[Brief descriptive captions]
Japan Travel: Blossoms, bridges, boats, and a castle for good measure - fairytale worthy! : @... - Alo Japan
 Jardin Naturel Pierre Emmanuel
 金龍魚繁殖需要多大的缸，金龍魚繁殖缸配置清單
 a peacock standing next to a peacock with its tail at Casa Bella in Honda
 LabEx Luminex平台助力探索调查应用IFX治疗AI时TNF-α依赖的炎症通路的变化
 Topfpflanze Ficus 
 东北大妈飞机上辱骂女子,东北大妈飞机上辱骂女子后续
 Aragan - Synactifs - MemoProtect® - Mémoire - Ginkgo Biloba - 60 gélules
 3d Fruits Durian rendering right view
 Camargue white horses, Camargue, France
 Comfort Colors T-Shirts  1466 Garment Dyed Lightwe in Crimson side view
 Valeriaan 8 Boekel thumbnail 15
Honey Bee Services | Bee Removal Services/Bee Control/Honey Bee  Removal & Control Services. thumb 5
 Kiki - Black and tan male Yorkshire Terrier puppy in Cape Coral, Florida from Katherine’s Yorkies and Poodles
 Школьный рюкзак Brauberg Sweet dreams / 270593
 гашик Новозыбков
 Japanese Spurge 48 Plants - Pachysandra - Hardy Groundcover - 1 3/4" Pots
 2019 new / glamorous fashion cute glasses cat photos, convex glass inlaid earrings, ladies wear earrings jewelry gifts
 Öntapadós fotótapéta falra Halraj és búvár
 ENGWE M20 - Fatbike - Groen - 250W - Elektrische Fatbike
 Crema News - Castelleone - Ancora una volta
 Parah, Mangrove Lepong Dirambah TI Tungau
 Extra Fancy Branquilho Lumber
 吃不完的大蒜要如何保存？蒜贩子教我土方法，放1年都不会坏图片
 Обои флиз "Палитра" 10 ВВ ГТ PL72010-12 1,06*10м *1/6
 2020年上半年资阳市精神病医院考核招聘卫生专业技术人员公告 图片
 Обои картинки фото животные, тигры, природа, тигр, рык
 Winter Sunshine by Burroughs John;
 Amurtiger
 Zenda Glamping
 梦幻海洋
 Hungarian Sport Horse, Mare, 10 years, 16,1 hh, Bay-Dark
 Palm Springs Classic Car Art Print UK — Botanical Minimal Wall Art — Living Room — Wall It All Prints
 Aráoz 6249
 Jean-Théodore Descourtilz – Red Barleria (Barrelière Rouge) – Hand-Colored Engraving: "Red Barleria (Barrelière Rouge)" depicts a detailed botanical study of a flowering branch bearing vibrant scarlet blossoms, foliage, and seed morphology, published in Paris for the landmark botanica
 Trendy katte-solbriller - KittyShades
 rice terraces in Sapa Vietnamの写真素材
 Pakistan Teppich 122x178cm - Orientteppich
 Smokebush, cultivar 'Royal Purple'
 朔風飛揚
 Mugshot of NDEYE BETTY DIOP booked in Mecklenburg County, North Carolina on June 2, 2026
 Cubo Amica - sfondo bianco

### [Problem description]
Starting at the line that has "Школьный рюкзак Brauberg" in the records above, restate word for word every line until the one that has "Hungarian Sport Horse, Mare, 10", and include that one as well.

### [Response box]
 Школьный рюкзак Brauberg Sweet dreams / 270593
 гашик Новозыбков
 Japanese Spurge 48 Plants - Pachysandra - Hardy Groundcover - 1 3/4" Pots
 2019 new / glamorous fashion cute glasses cat photos, convex glass inlaid earrings, ladies wear earrings jewelry gifts
 Öntapadós fotótapéta falra Halraj és búvár
 ENGWE M20 - Fatbike - Groen - 250W - Elektrische Fatbike
 Crema News - Castelleone - Ancora una volta
 Parah, Mangrove Lepong Dirambah TI Tungau
 Extra Fancy Branquilho Lumber
 吃不完的大蒜要如何保存？蒜贩子教我土方法，放1年都不会坏图片
 Обои флиз "Палитра" 10 ВВ ГТ PL72010-12 1,06*10м *1/6
 2020年上半年资阳市精神病医院考核招聘卫生专业技术人员公告 图片
 Обои картинки фото животные, тигры, природа, тигр, рык
 Winter Sunshine by Burroughs John;
 Amurtiger
 Zenda Glamping
 梦幻海洋
 Hungarian Sport Horse, Mare, 10 years, 16,1 hh, Bay-Dark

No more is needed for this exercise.